§ **Instructions for the task**
Copy out, exactly and with nothing else, the stretch of lines that starts at the line containing "una cama con" and finishes at the end of the data.

■ ■ ■ ■

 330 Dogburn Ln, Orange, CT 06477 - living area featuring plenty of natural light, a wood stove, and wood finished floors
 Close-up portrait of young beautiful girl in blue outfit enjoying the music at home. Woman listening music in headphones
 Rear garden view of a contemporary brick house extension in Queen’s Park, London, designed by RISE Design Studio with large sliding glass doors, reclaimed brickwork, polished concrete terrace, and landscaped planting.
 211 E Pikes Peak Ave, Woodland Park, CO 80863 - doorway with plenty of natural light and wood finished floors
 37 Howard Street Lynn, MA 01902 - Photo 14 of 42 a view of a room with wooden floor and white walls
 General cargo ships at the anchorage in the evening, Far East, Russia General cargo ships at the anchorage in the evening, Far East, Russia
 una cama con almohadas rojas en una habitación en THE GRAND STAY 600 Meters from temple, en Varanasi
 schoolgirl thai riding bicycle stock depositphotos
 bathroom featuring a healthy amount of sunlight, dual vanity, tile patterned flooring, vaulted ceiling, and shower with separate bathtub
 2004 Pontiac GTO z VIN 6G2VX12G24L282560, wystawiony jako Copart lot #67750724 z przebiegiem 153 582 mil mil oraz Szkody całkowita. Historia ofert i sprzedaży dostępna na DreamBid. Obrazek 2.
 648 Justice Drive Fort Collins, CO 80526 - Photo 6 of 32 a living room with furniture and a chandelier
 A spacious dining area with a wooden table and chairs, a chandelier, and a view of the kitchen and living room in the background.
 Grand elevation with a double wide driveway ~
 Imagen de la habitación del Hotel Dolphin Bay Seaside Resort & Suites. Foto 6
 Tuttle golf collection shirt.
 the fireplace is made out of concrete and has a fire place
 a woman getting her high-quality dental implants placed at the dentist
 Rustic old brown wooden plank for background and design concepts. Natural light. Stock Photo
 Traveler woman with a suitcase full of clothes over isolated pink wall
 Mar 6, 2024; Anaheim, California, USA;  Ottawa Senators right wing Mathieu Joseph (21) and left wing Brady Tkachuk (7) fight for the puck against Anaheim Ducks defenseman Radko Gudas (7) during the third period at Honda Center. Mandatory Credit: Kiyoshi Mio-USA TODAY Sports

■ ■ ■ ■

§ **Task output**
 una cama con almohadas rojas en una habitación en THE GRAND STAY 600 Meters from temple, en Varanasi
 schoolgirl thai riding bicycle stock depositphotos
 bathroom featuring a healthy amount of sunlight, dual vanity, tile patterned flooring, vaulted ceiling, and shower with separate bathtub
 2004 Pontiac GTO z VIN 6G2VX12G24L282560, wystawiony jako Copart lot #67750724 z przebiegiem 153 582 mil mil oraz Szkody całkowita. Historia ofert i sprzedaży dostępna na DreamBid. Obrazek 2.
 648 Justice Drive Fort Collins, CO 80526 - Photo 6 of 32 a living room with furniture and a chandelier
 A spacious dining area with a wooden table and chairs, a chandelier, and a view of the kitchen and living room in the background.
 Grand elevation with a double wide driveway ~
 Imagen de la habitación del Hotel Dolphin Bay Seaside Resort & Suites. Foto 6
 Tuttle golf collection shirt.
 the fireplace is made out of concrete and has a fire place
 a woman getting her high-quality dental implants placed at the dentist
 Rustic old brown wooden plank for background and design concepts. Natural light. Stock Photo
 Traveler woman with a suitcase full of clothes over isolated pink wall
 Mar 6, 2024; Anaheim, California, USA;  Ottawa Senators right wing Mathieu Joseph (21) and left wing Brady Tkachuk (7) fight for the puck against Anaheim Ducks defenseman Radko Gudas (7) during the third period at Honda Center. Mandatory Credit: Kiyoshi Mio-USA TODAY Sports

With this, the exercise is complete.